ISS Faculty Fellow
Judgment, Decision Making, and Social Behavior Team
Vivian Zayas is an Assistant Professor of Psychology at Cornell University. Her research examines the cognitive and affective processes that regulate behaviors within close relationships. Her research takes a multi-level, interdisciplinary perspective that bridges the study of attachment processes with research on executive control and self-regulation and blurs traditionally defined boundaries between social and personality psychology and cognitive and cognitive neuroscience.
One of her main research interests involves understanding how people represent others and themselves, and how these representations influence interpersonal judgments and behaviors. Her research is particularly interested in how past relationships with significant others, such as a parent, close friend, or even a respected boss or disliked coworker, shape expectations of likely and unlikely events, affective responses, and ultimately guide behaviors and judgments within a current interpersonal interaction. To what extent do our past relationship experiences influence who we choose as a dating partner in the future? Does meeting a person whom you’ve never met before, but who resembles your closest friend, activate feelings of liking that in turn influence behaviors about whether or not to trust the individual?
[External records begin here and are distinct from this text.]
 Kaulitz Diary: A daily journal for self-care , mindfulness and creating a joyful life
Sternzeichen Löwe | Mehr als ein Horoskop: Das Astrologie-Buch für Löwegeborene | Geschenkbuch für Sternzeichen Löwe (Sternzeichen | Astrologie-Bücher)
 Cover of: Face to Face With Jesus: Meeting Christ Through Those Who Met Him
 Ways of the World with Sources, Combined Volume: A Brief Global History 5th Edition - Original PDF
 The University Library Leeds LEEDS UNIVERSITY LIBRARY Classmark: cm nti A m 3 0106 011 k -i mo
In another line of research, she has been investigating the ability to delay gratification. Why are some people able to save money for their retirement, even though it means that they will not be able to take the desired vacation to France? Why are some people better able to control their impulses, whether it be refraining from an “impulse purchase” or inhibiting an emotional outburst? Vivian has been investigating the cognitive, affective, and neural mechanisms underlying the ability to delay gratification, as well as the development and stability of this ability from early life to young adulthood.
Given that many of the processes operating within social and interpersonal domains are likely to operate automatically, effortlessly, with little conscious control, and even without any awareness, her research group draws upon a variety of methodological techniques (e.g., self-report, implicit tasks, neurophysiological, decision-making tasks), research designs (e.g., laboratory and longitudinal), and statistical procedures (e.g., multi-level and structural modeling). These techniques are used to assess, at multiple-levels of analyses, the processes guiding judgment, decision-making, and behaviors in a number of interpersonal domains.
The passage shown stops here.